# [DATASET EXCERPTS]
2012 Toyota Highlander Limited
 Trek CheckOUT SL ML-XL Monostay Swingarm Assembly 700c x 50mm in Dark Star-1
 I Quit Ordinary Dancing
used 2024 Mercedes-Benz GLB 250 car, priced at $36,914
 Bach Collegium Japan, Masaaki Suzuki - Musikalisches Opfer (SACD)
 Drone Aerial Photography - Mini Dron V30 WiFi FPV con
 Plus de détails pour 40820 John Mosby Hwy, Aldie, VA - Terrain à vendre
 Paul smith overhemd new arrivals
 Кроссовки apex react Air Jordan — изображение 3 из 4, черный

# [ASSIGNMENT]
Repeat the listing exactly, from its first line to its last.

# [SOLUTION TO THIS TASK]
2012 Toyota Highlander Limited
 Trek CheckOUT SL ML-XL Monostay Swingarm Assembly 700c x 50mm in Dark Star-1
 I Quit Ordinary Dancing
used 2024 Mercedes-Benz GLB 250 car, priced at $36,914
 Bach Collegium Japan, Masaaki Suzuki - Musikalisches Opfer (SACD)
 Drone Aerial Photography - Mini Dron V30 WiFi FPV con
 Plus de détails pour 40820 John Mosby Hwy, Aldie, VA - Terrain à vendre
 Paul smith overhemd new arrivals
 Кроссовки apex react Air Jordan — изображение 3 из 4, черный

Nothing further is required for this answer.